Top of Information shown

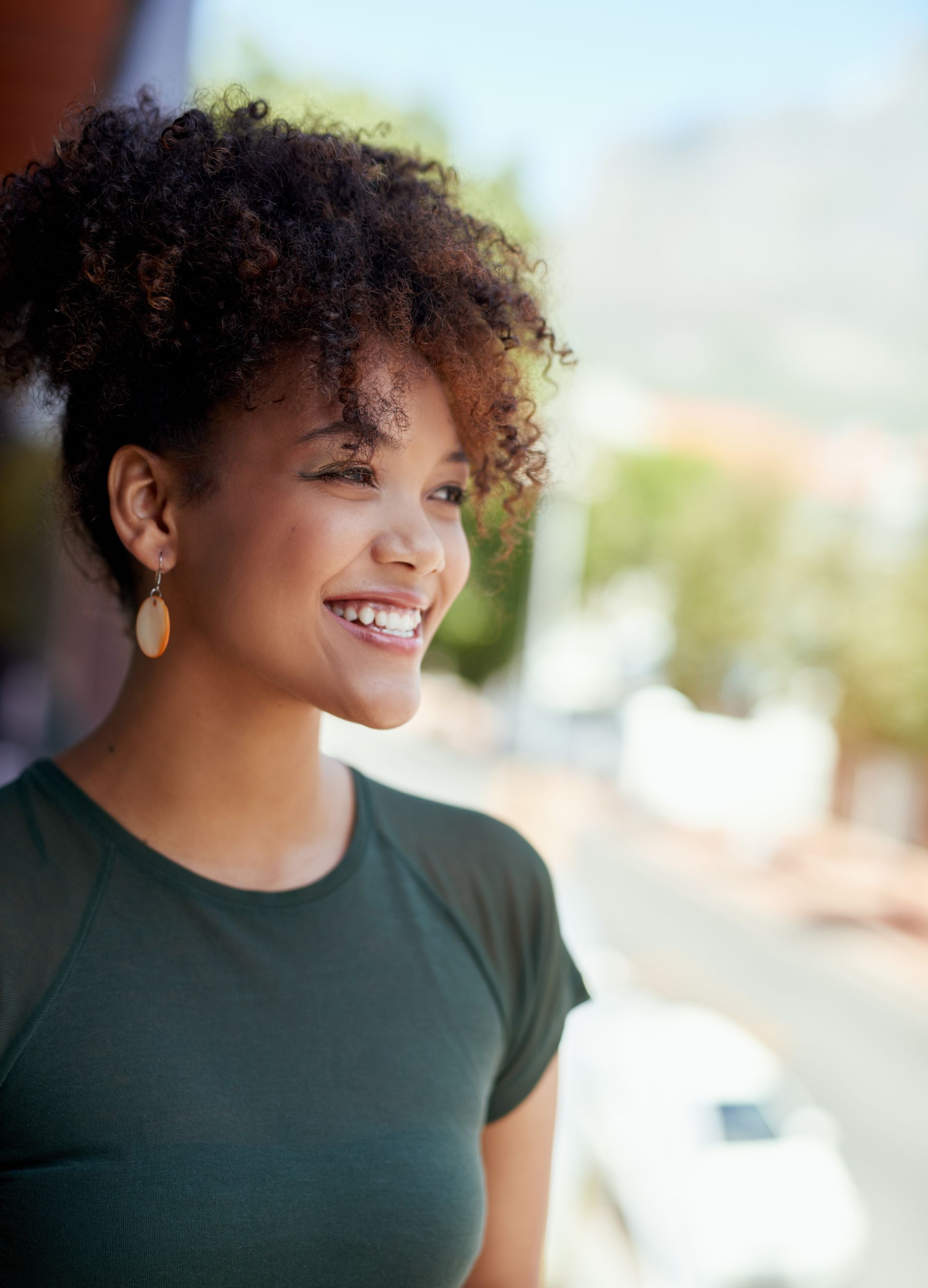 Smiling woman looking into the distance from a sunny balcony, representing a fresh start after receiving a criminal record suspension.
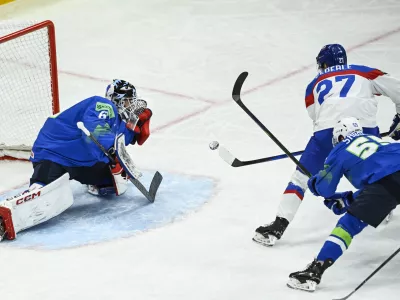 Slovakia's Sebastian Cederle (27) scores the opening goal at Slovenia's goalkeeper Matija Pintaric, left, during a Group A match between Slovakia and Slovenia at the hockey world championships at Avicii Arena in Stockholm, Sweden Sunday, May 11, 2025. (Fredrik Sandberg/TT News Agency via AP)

Bottom of Information shown
Top of Information shown

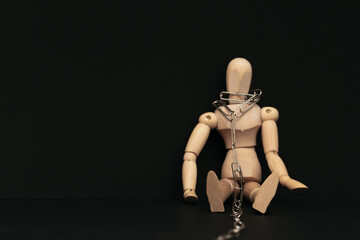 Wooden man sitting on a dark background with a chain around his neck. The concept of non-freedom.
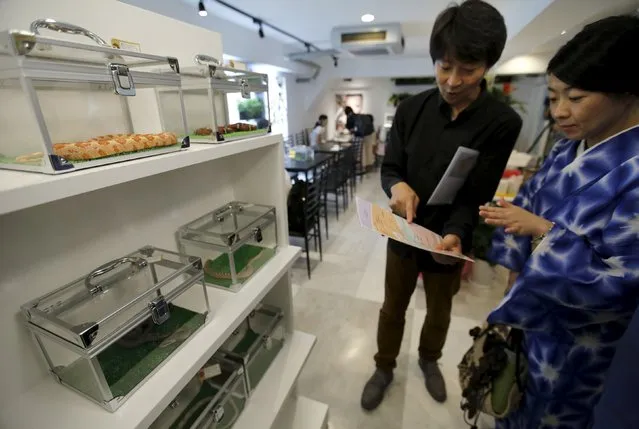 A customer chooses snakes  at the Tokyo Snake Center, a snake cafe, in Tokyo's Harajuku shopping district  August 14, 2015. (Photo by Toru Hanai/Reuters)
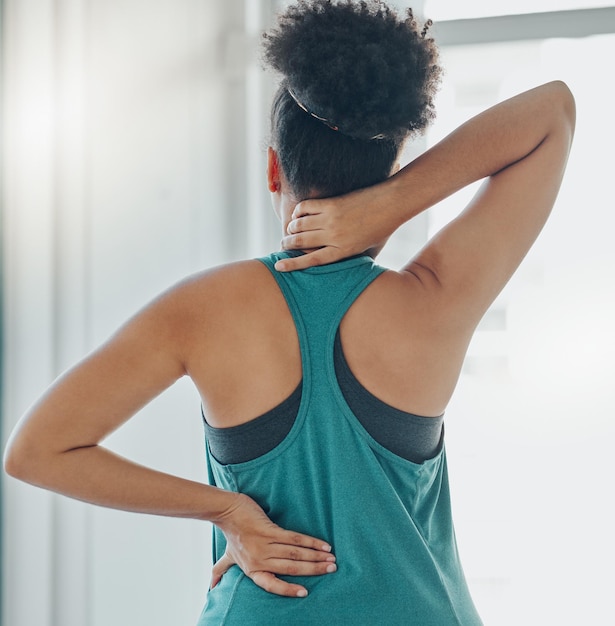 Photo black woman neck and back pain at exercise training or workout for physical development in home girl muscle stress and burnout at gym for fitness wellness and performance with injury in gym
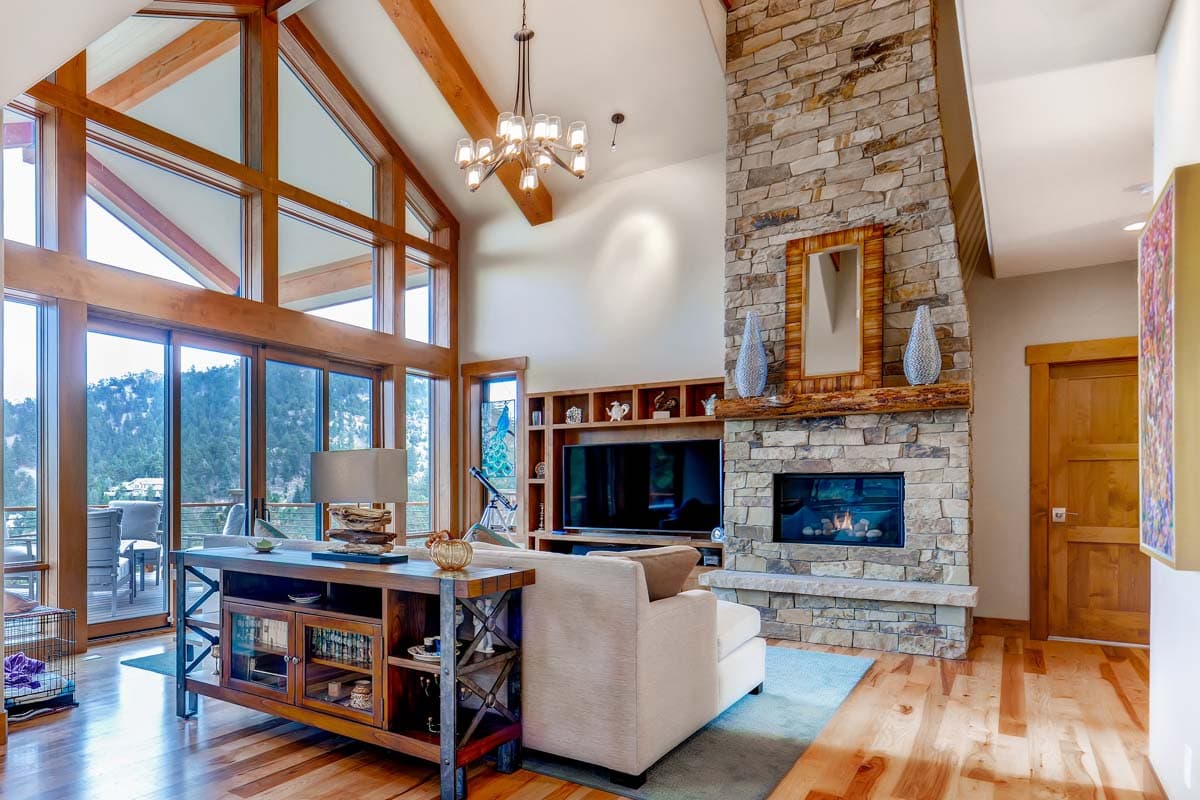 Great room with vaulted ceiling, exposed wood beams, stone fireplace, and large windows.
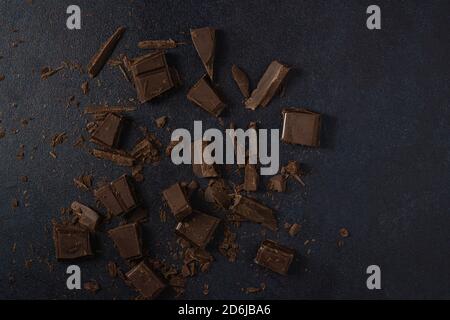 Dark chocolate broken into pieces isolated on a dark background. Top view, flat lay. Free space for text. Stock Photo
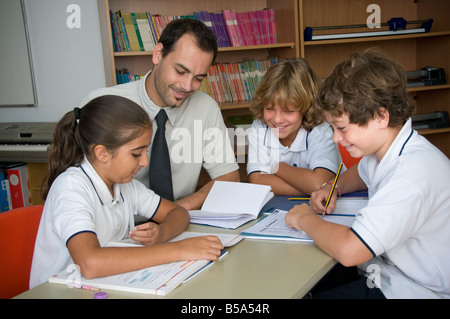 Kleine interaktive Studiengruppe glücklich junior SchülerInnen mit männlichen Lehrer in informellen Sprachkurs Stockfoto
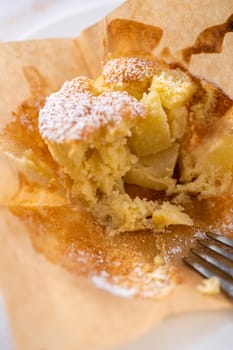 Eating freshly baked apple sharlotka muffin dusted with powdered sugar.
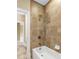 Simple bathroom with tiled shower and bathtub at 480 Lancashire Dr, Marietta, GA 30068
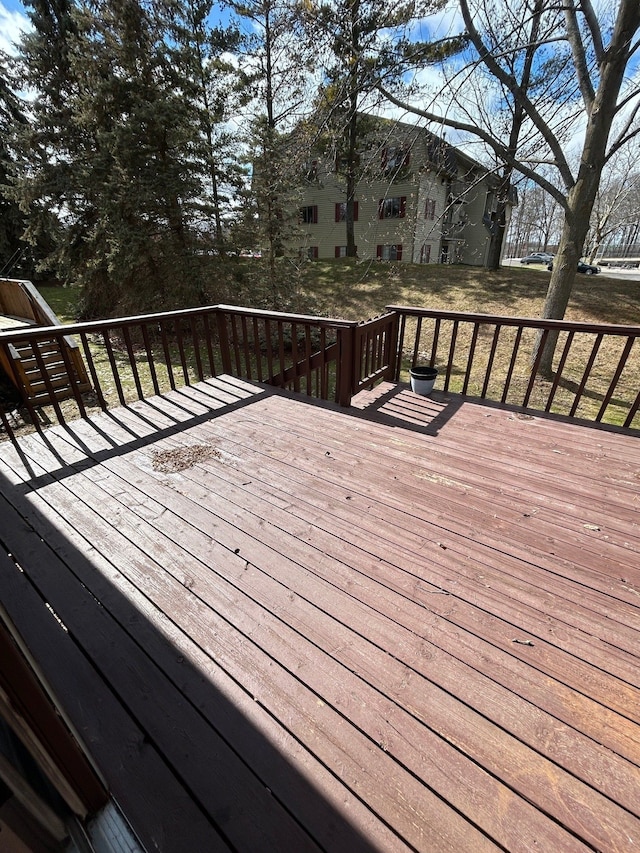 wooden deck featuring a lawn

Bottom of Information shown
Top of Information shown

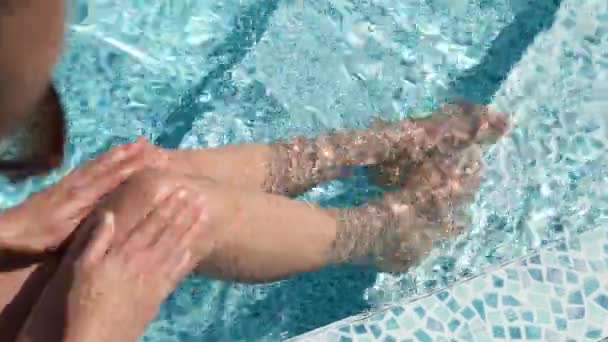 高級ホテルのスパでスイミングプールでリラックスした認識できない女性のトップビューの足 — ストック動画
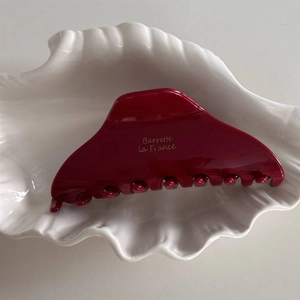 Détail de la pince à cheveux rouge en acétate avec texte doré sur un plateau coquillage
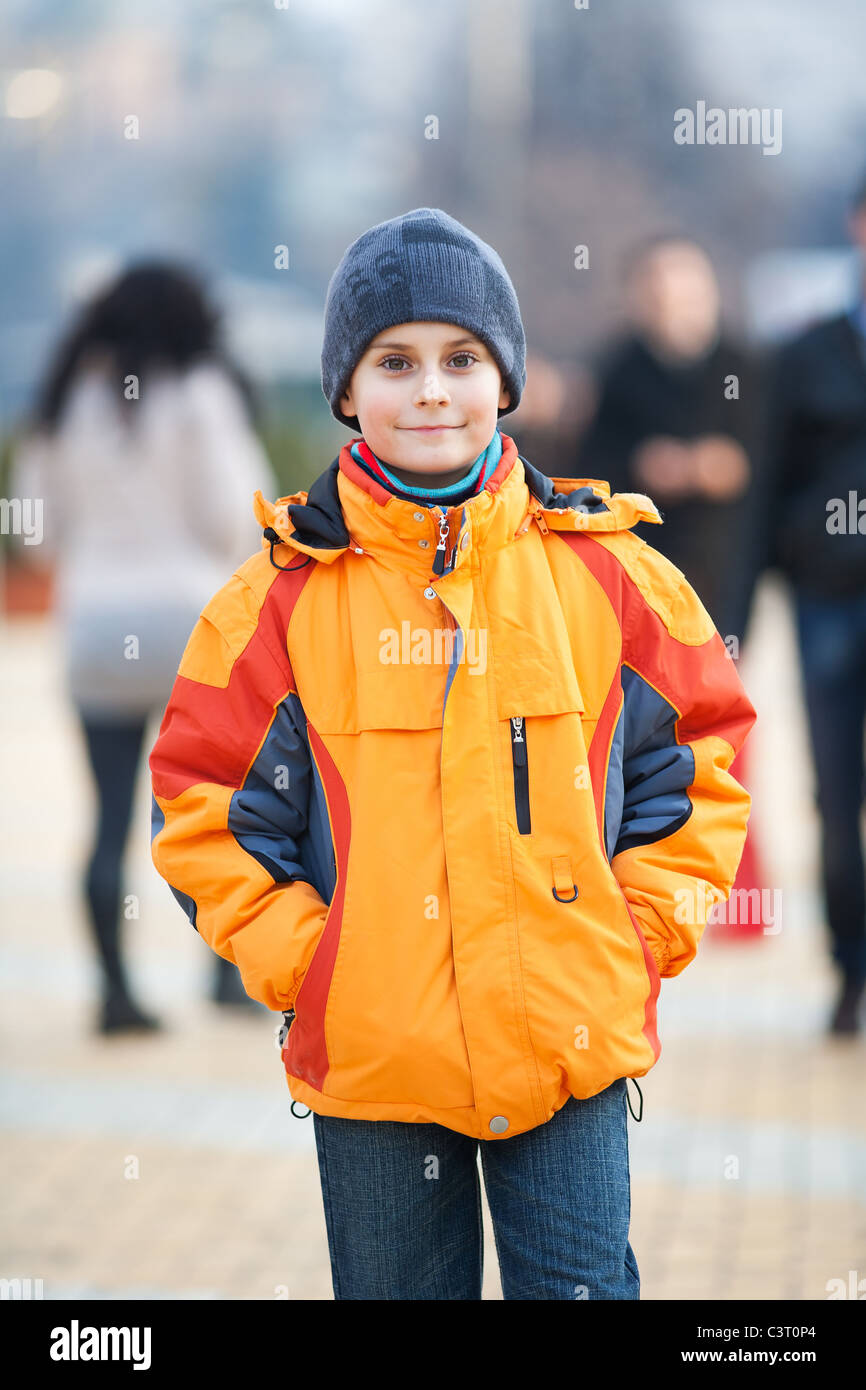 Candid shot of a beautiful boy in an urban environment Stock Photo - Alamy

Bottom of Information shown

**Description of the task**
Starting at the line containing "高級ホテルのスパでスイミングプールでリラックスした認識できない女性のトップビューの足 — ストック動画" and stopping at the line containing "Candid shot of", output each line exactly as it appears above. Leave out the pictures.

**Your solution**
 高級ホテルのスパでスイミングプールでリラックスした認識できない女性のトップビューの足 — ストック動画
 Détail de la pince à cheveux rouge en acétate avec texte doré sur un plateau coquillage
 Candid shot of a beautiful boy in an urban environment Stock Photo - Alamy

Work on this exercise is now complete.